I'm trying to use a state-space model to estimate population demographics (fecundity, survivorship, population growth, population size). We have 4 different age states.
# J0 = number of individuals 0-1
# surv1 = survivorship from 0-1
# J1 = number of individuals 0-1
# surv2 = survivorship from 1-2
# J2= = number of individuals 0-1
# surv3 = survivorship from 2-3
# J3= number of individuals 0-1
# survad = survivorship >3 "adult")
# Data as vectors (Talek clan from 1988-2013)
# X0 = individuals 0-1 in years
# X1 = individuals 1-2 in years
# X2 = individuals 2-3 in years
# X3 = individuals 3+ in years
# Total = group size
X0 <- c(7, 9, 4, 8, 9, 5, 8, 5, 7, 5, 5, 8, 10, 3, 5, 7, 2, 6, 6, 11, 14, 12, 15, 9, 10)
X1 <- c( 4, 4, 3, 4, 8, 5, 2, 4, 3, 4, 4, 5, 3, 7, 0, 5, 6, 3, 3, 5, 10, 12, 10, 13, 8)
X2 <- c(3, 2, 3, 3, 3, 8, 4, 1, 1, 2, 2, 4, 2, 2, 5, 0, 5, 5, 4, 3, 3, 10, 12, 7, 10)
X3 <- c(18, 16, 13, 16, 29, 29, 26, 22, 21, 18, 16, 15, 16, 15, 11, 14, 9, 12, 16, 18, 21, 23, 33, 32, 31)
Total <- c(32, 31, 23, 31, 49, 47, 40, 32, 32, 29, 27, 32, 31, 27, 21, 26, 22, 26, 29, 37, 48, 57, 70, 61, 59)
Here's the BUGS code:
sink(file = "HyenaIPM_all.txt")
cat("
model {
# Specify the priors for all parameters in the model
N.est[1] ~ dnorm(50, tau.proc)T(0,) # Initial abundance
mean.lambda ~ dunif(0, 5)
sigma.proc ~ dunif(0, 50)
tau.proc <- pow(sigma.proc, -2)
for (t in 1:TT) {
fec[t] ~ dunif(0, 5) # per capita fecundidty
surv1[t] ~ dunif(0, 1) # survivorship from 0-1
surv2[t] ~ dunif(0, 1) # survivorship from 1-2
surv3[t] ~ dunif(0, 1) # survivorship from 2-3
survad[t] ~ dunif(0, 1) # adult survivorship
}
# Estimate fecundity and survivorship
for (t in 2:TT) {
# Fecundity
J0[t+1] ~ dpois(survad[t]*fec[t])
J0[t+1] <- J3[t] * fec[t]
# Survivorship
J1[t+1] ~ dbin(surv1[t], J0[t])
J1[t+1] <- J0[t]*surv1[t]
J2[t+1] ~ dbin(surv2[t], J1[t])
J2[t+1] <- J1[t]*surv2[t]
J3[t+1] ~ dbin(surv3[t], J2[t-1])
J3[t+1] <- J2[t]*surv3[t] + J3[t]*survad[t]
A[t+1] ~ dbin(survad[t], A[t])
A[t+1] <- J3[t]*surv3[t] + A[t]*survad[t]
# Lambda
lambda[t+1] ~ dnorm(mean.lambda, tau.proc)
N.est[t+1] <- N.est[t]*lambda[t]
}
# Population size
for (t in 1:TT){
N[t] ~ dpois(N.est[t])
}
}
", fill = T)
sink()
# Parameters monitored
sp.params <- c("fec", "surv1", "surv2", "surv3", "survad", "lambda")
# MCMC settings
ni <- 200
nt <- 10
nb <- 100
nc <- 3
# Initial values
sp.inits <- function()list(mean.lambda = runif(1, 0, 1))
#Load all the data
sp.data <- list(N = Total, TT = length(Total), J0 = X0, J1 = X1, J2 = X2, J3 = X3)
library(R2jags)
hyena_model <- jags(sp.data, sp.inits, sp.params, "HyenaIPM_all.txt", n.chains = nc, n.thin = nt, n.iter = ni, n.burnin = nb)
Unfortunately, I get the following error when I run the code.

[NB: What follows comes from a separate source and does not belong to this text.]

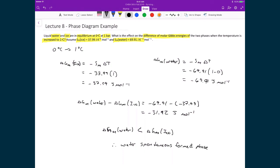This is something we expected — if we increase the temperature from zero to one degree Celsius, we would expect that water would be the spontaneously formed phase.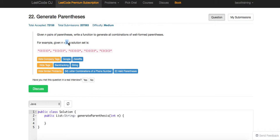Essentially, we just do it recursively. Whenever we can insert a left bracket, we just keep inserting the left one. And as long as the right bracket count is less than the left one, we just keep appending the right one, and then we'll have the answer. So let's code this solution up.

Error in jags.model(model.file, data = data, inits = init.values, n.chains = n.chains, :
RUNTIME ERROR:
Index out of range for node J0
Does anyone have any suggestions for why we get this error? Not sure why the distribution would be wrong for J0.
This is a very informative error message. The index for J0 is t+1 which ranges from 2+1 to TT+1, but J0 has length TT. So when the index is TT+1 it is out of range since it is larger than TT.